**YOUR GOAL:**
Using the data below, reproduce exactly the lines from the line with "Ice Cooler Table" to the line with "Mapa vectorial del", both included; pictures must be dropped.

**THE DATA:**
------------------------------------------------
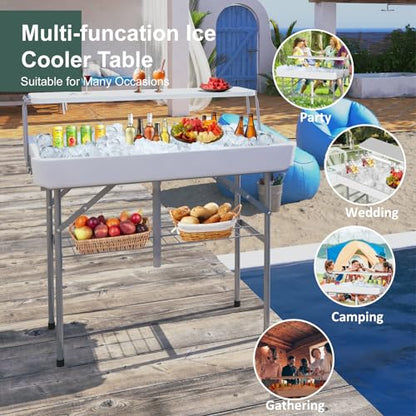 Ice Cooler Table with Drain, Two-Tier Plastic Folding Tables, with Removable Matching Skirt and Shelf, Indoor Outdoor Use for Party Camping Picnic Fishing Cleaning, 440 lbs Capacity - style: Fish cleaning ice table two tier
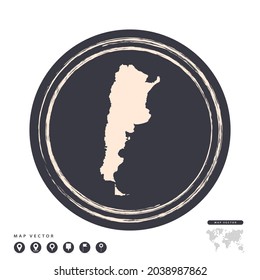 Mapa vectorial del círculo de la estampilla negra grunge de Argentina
------------------------------------------------
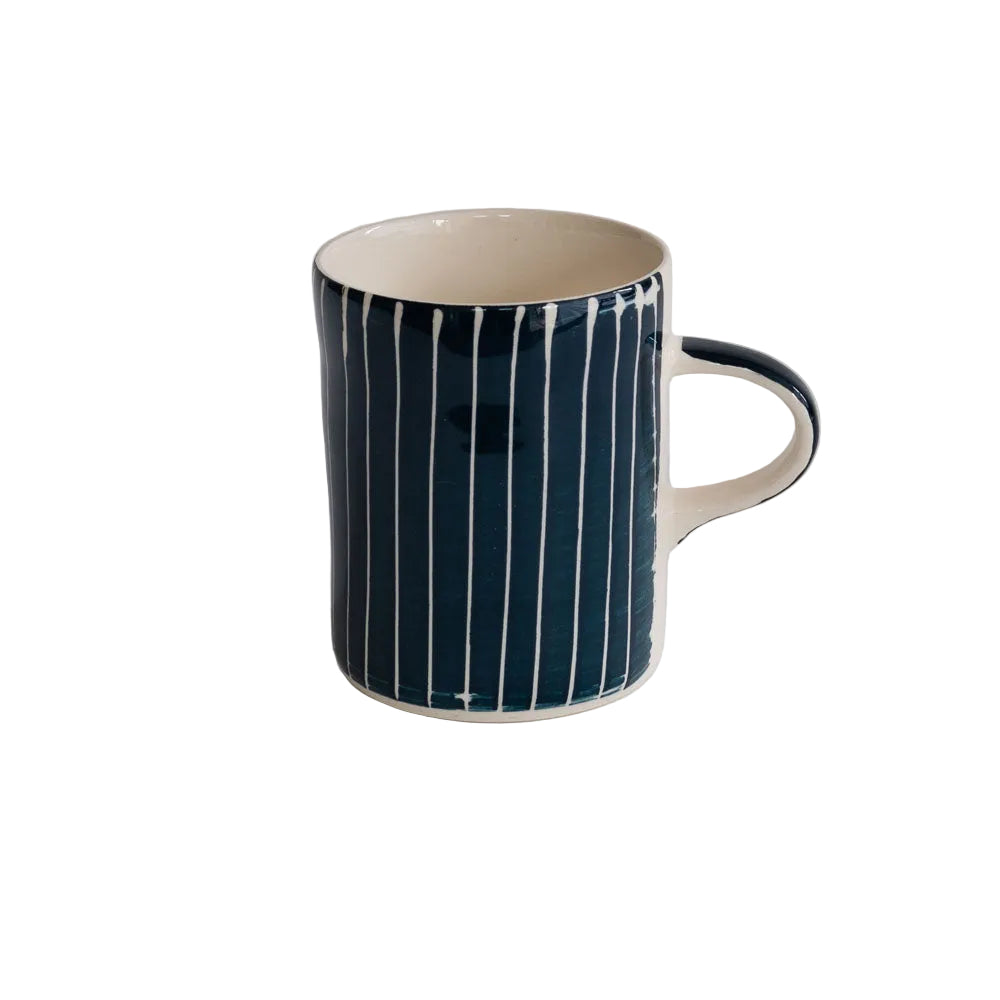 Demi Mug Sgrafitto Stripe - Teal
------------------------------------------------
**TASK RESULT:**
 Ice Cooler Table with Drain, Two-Tier Plastic Folding Tables, with Removable Matching Skirt and Shelf, Indoor Outdoor Use for Party Camping Picnic Fishing Cleaning, 440 lbs Capacity - style: Fish cleaning ice table two tier
 Mapa vectorial del círculo de la estampilla negra grunge de Argentina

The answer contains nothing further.